Sometimes things take forever (I'm still waiting for the a lot of jars I purchased), so it is important to read both the reviews of the items and the reviews of the seller. In general, of the 5 purchases I've made, all but one has met or exceeded expectations. The order of clothes I'm leaving out because that is an error on my part. I didn't read the measurements. 

It's not a huge sample data set, so I don't know if it helps.. The TL;DR is you'll probably get what you see, but don't be in a rush to get it.


----------



## penelopejane (Mar 29, 2017)

SheLion said:


> I found some dining chairs on AliExpress that I really like. However, I've never ordered from there and I'm loathe to have a $600 bad experience. Anyone have any firsthand experience they can share?



I use Aliexpress all the time but generally for small stuff.  I have never had a problem and delivery is a lot quicker (to Oz) than they predict.

You will generally find two or three suppliers of the same thing.  I look for the cheapest price from someone with above 98% positive feedback.


----------



## navigator9 (Mar 29, 2017)

I've placed quite a few orders with Aliexpress also.
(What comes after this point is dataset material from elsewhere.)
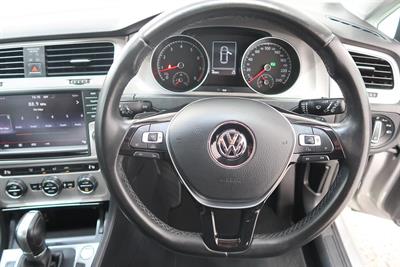 2016 Volkswagen Golf - Thumbnail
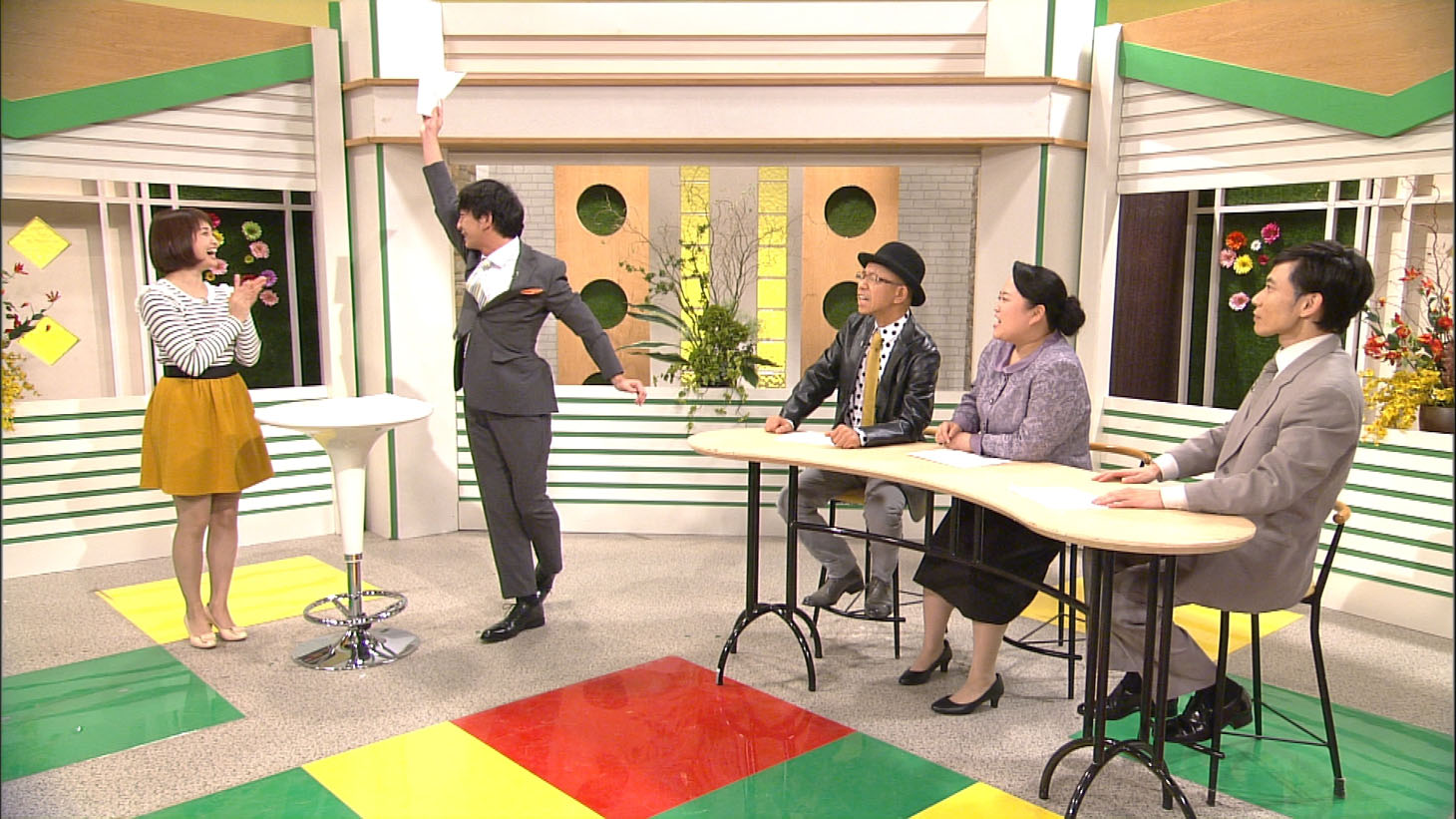 コント「専門家の見解」のワンシーン。(c)NHK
Most of my purchases have been silicone molds, and I've been very happy with all of them. They have some great prices! As mentioned, sometimes it can take a loooong time for items to arrive, although lately, for me anyway, that seems to have improved. Not sure how I would feel about a $600 purchase, but if the deal was good enough, I might be tempted.


----------



## toxikon (Mar 29, 2017)

I only order little things from there. Shipping to Canada is sooo slooow.


----------



## BattleGnome (Mar 29, 2017)

I started looking at dining room chairs as well. I haven't ordered anything but anything that seems to look good has a huge shipping cost. $17 for a module/stackable chair with $600+ for shipping - one chair. I haven't looked at shipping furniture in general but seems a bit step for my tastes. Hopefully you found something more reasonable.


----------



## dixiedragon (Mar 29, 2017)

when I try to look at the site it's in French. is there an English version?


----------



## SheLion (Apr 5, 2017)

dixiedragon said:


> when I try to look at the site it's in French. is there an English version?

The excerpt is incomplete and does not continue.